# Description of the task
Reproduce the listing below word for word and exclude any picture.

Provided material section start

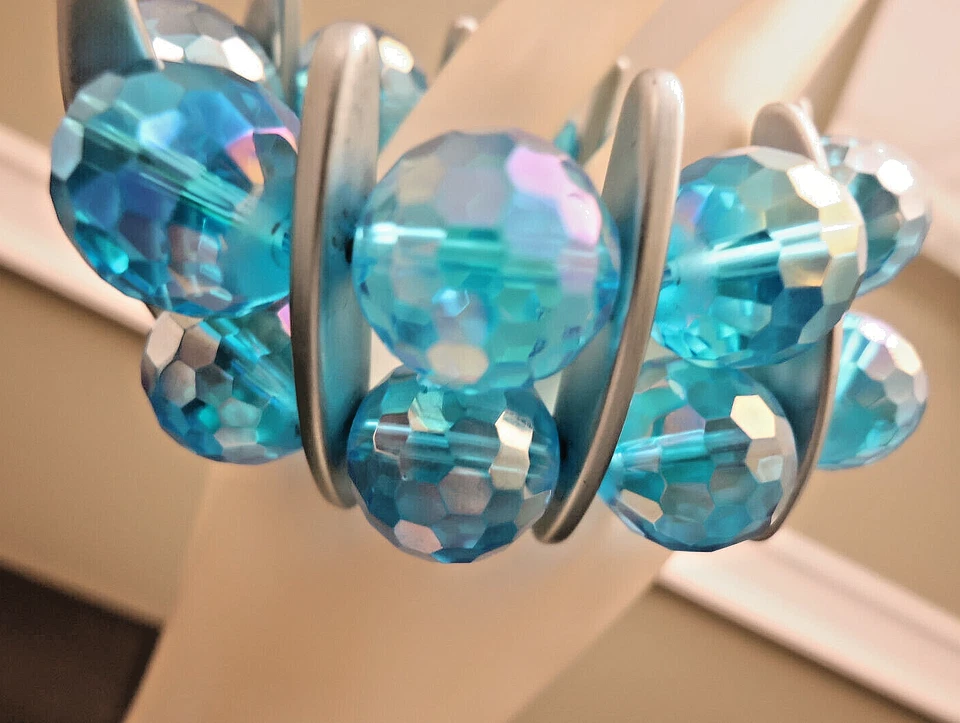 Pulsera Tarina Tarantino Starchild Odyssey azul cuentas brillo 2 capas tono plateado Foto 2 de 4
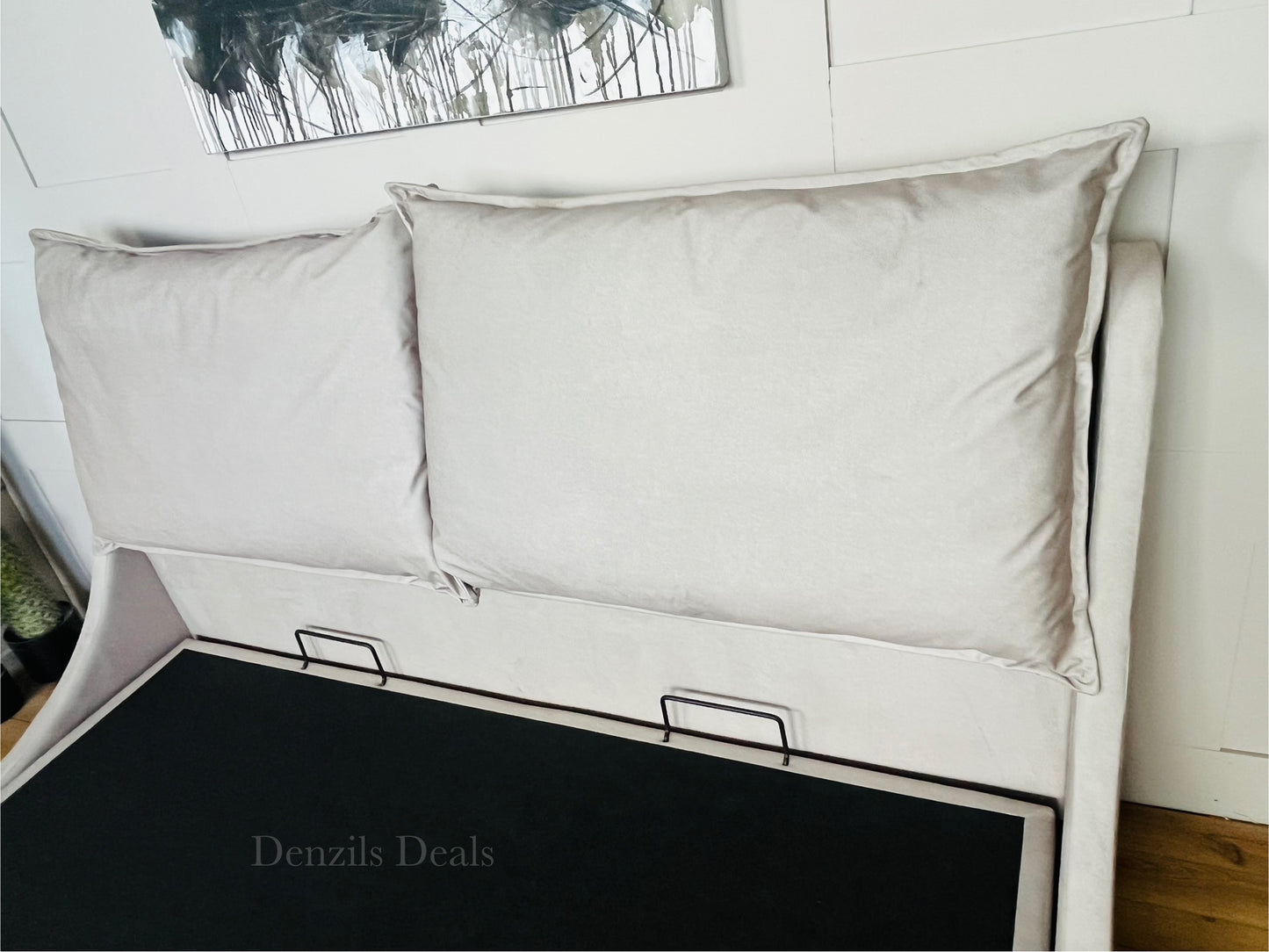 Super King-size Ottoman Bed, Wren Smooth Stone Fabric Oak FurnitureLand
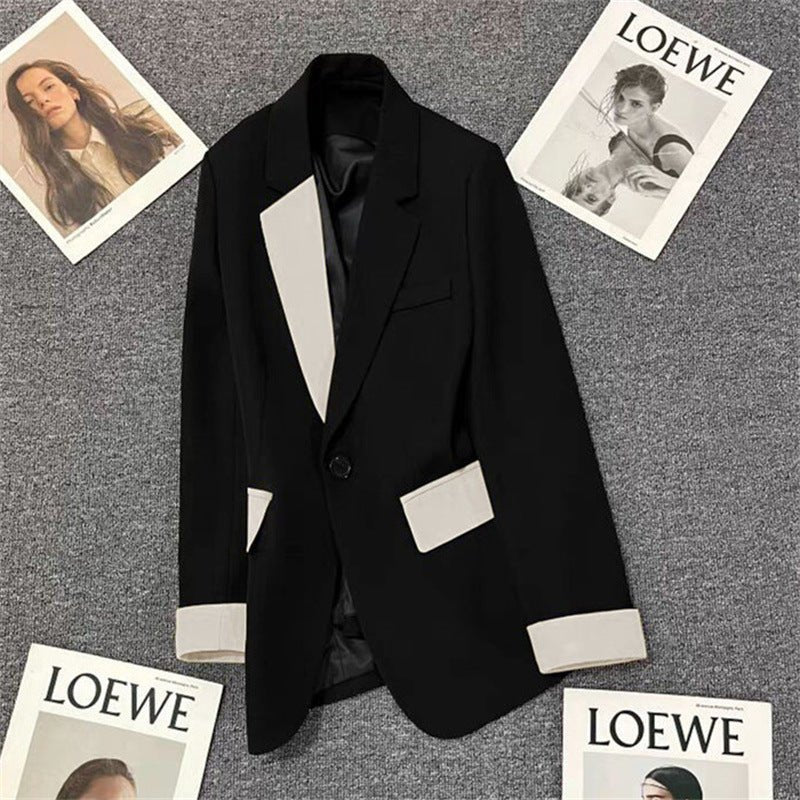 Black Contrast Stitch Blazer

Provided material section end

# Output of the exercise
 Pulsera Tarina Tarantino Starchild Odyssey azul cuentas brillo 2 capas tono plateado Foto 2 de 4
 Super King-size Ottoman Bed, Wren Smooth Stone Fabric Oak FurnitureLand
 Black Contrast Stitch Blazer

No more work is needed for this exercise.